Fascism has been built on this.


The classical elite theorists Vilfredo Pareto and Gaetano Mosca agued that whereas liberal and socialist analyses of societies were ideological and therefore based upon faith and belief rather than the scientific collection and analysis of empirical data, they themselves had discovered the fundamental scientific law that all societies, even those which appear to be democratic are ruled by small political elites which therefore rule over the "masses" in societies. Pareto distinguished between a small political elite which ruled over society as a result of its superior personal qualities and/or superior organisational skills and the mass of society which was made up of large numbers of unintelligent , irrational, apathetic and poorly organised individuals who could be easily manipulated by political propaganda carefully used by the political elite. In this respect we can see connections between elite theories and Sorel's emphasis on the importance of political myths and Le Bon's ideas on the irrationality of crowds as factors influencing mass behaviour. It is clear also that Pareto rejected completely the optimistic Marxist view of the revolutionary potential of the proletariat: for Pareto the working class was itself incapable of organising socialist revolution and any allegedly "socialist" revolution would result only in the rise to power of a new elite which would rule in its own interests rather than in the interests of the working class which it claimed disingenuously to represent. For Pareto real socialism was impossible while elite rule was inevitable.

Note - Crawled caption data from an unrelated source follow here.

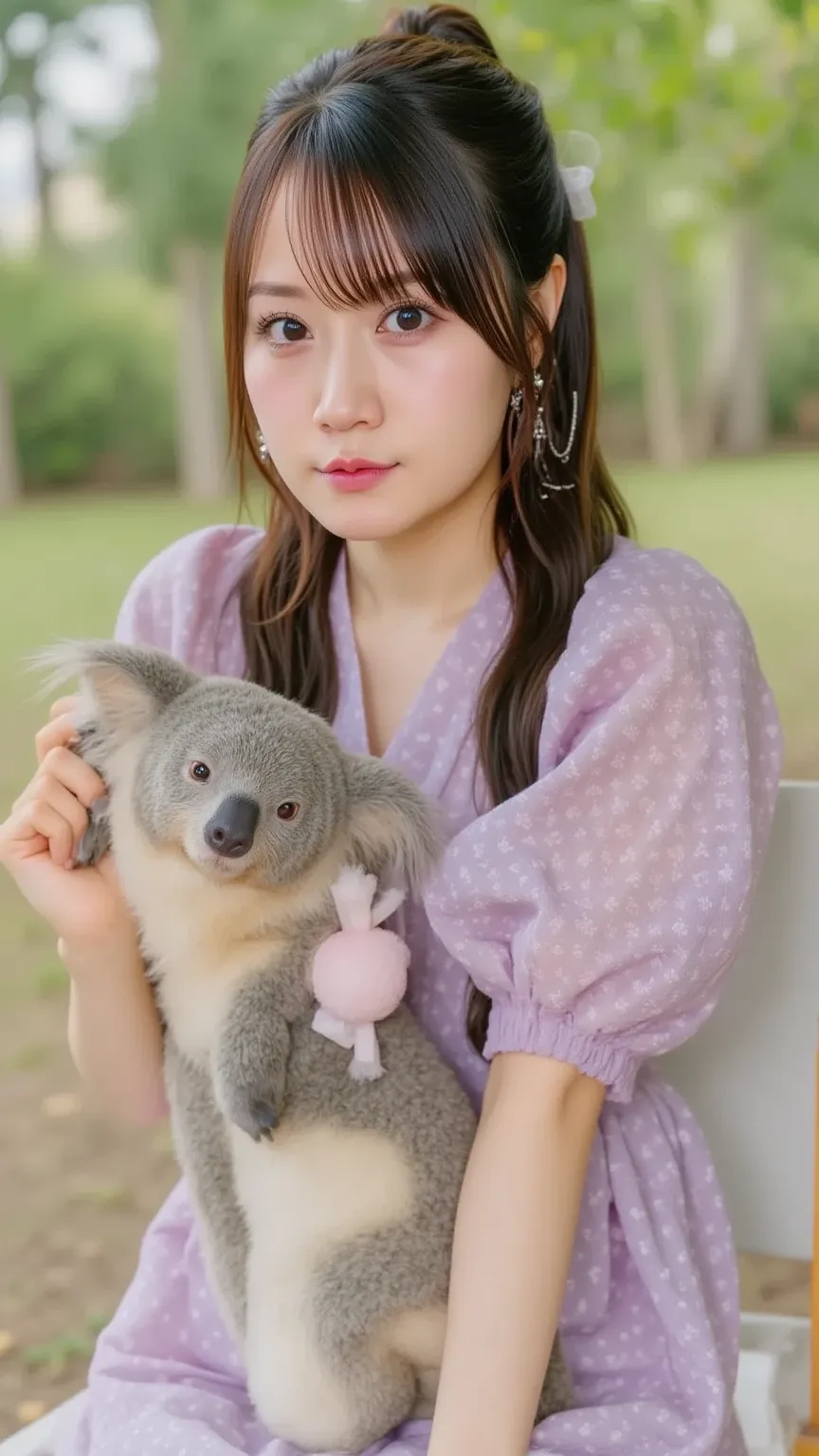  「Japanese woman wearing a soft lavender-colored yukata、I'm holding an Australian koala。 in the woods 、Gentle light penetrates、The way the koala is relaxing while holding an Australian koala is adorable。」
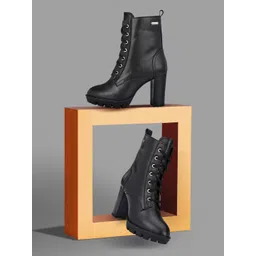 Delize Black Party High-Top Platform Heeled Boots-picture-30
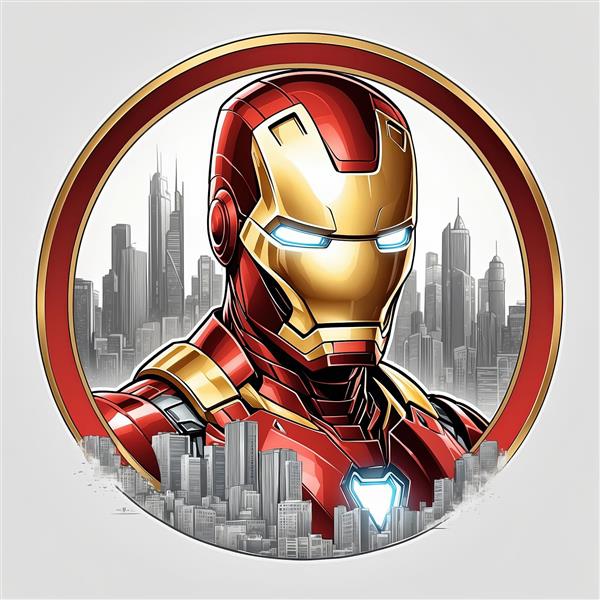 عکس بسیار با کیفیت مرد آهنی با جزئیات دقیق زره برای چاپ کاغذ دیواری و پوستر عریض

Pareto believed that historical change involved the replacement of one elite by another elite, a process which Pareto called "the circulation of elites". In this process Pareto distinguished between political elites dominated by "foxes" who ruled primarily by manipulation and propaganda and "lions" who were prepared to use force to achieve and retain political power. As he became increasingly disillusioned with Italy's liberal political elite[ which he would have described as foxes] he was apparently to some extent drawn to the idea of a government dominated by "lions" and to support for Mussolini and the early fascist movement. Mussolini appointed Pareto a senator in 1923 [shortly before his death] but the historian James Joll argues that if he had lived longer Pareto would soon have criticised "the emptiness of Mussolini's political ideas.